**Task statement:** Your copy should match the entries exactly, with the pictures left out.

───── Records for processing

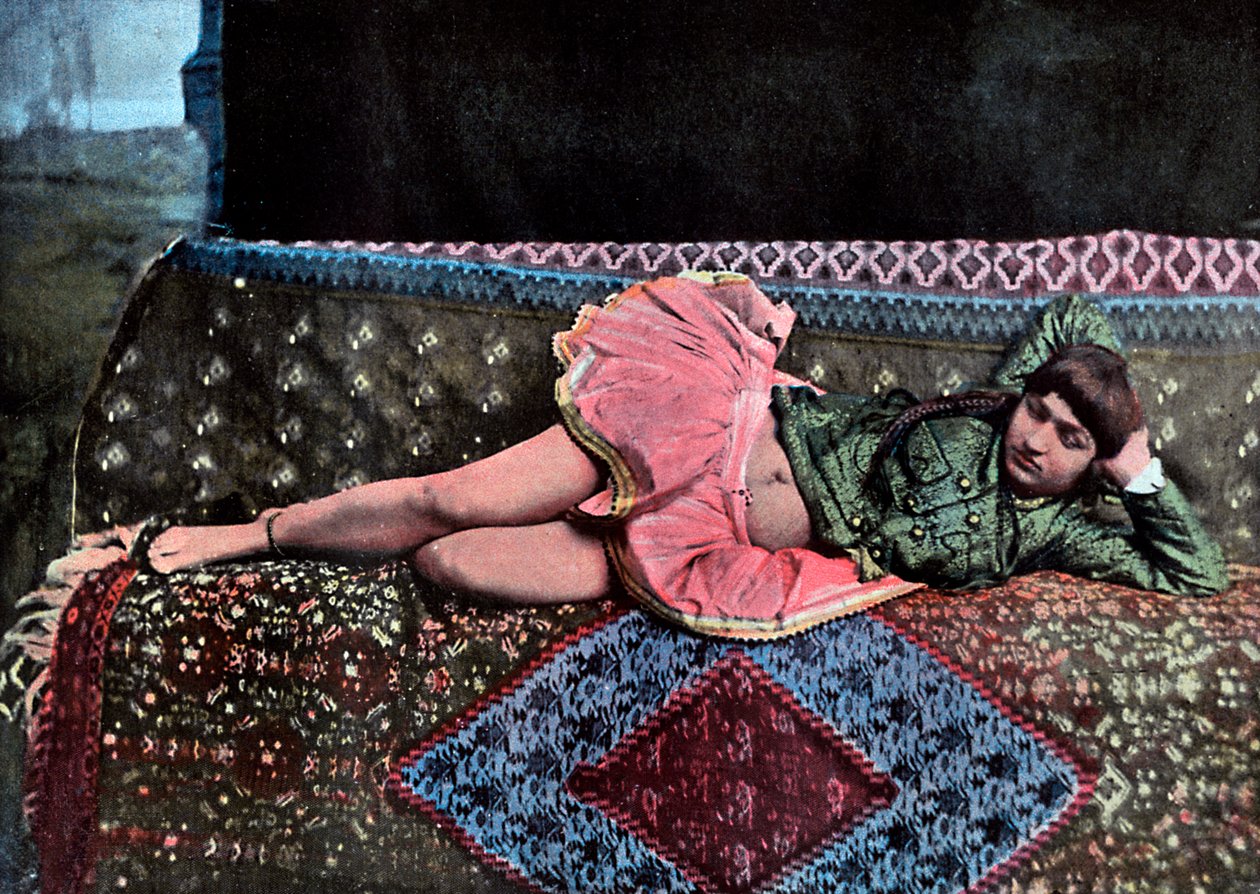 Femme persane dans un harem - Gillot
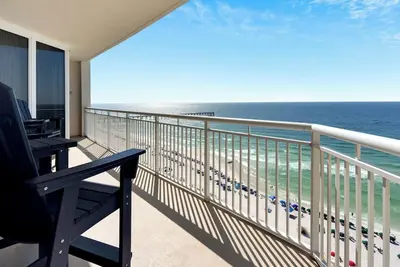 Image de Grey Heron 3 Br end unit at The Pearl!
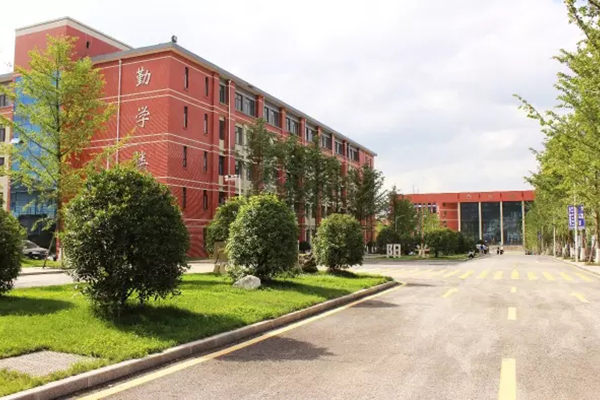 貴州應(yīng)用技術(shù)職業(yè)學(xué)院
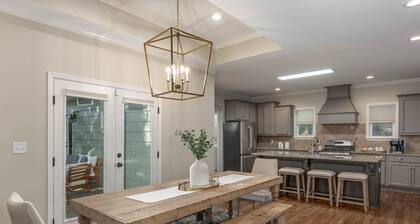 Park Street Dream in Downtown Northport, 2.5 miles from U of A Stadium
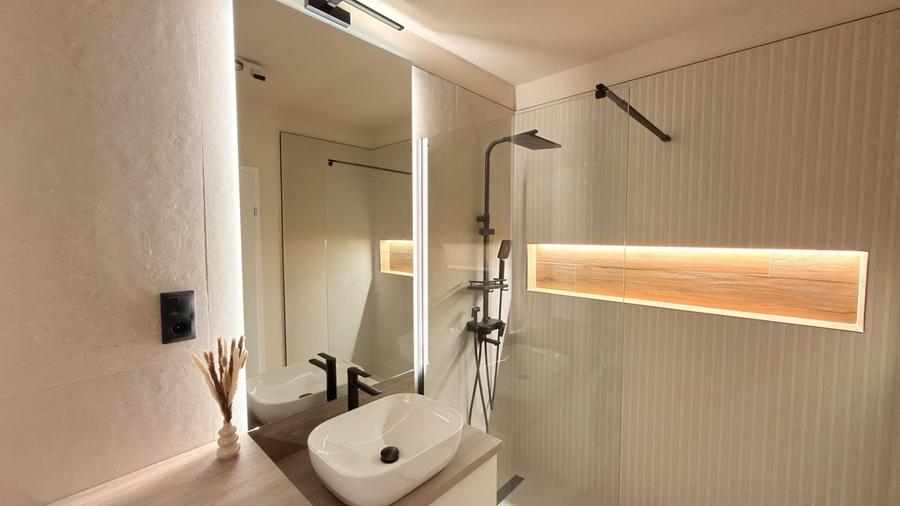 Apartament cu 3 camere semidecomandat în Florești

──────────

**Your solution:**
 Femme persane dans un harem - Gillot
 Image de Grey Heron 3 Br end unit at The Pearl!
 貴州應(yīng)用技術(shù)職業(yè)學(xué)院
 Park Street Dream in Downtown Northport, 2.5 miles from U of A Stadium
 Apartament cu 3 camere semidecomandat în Florești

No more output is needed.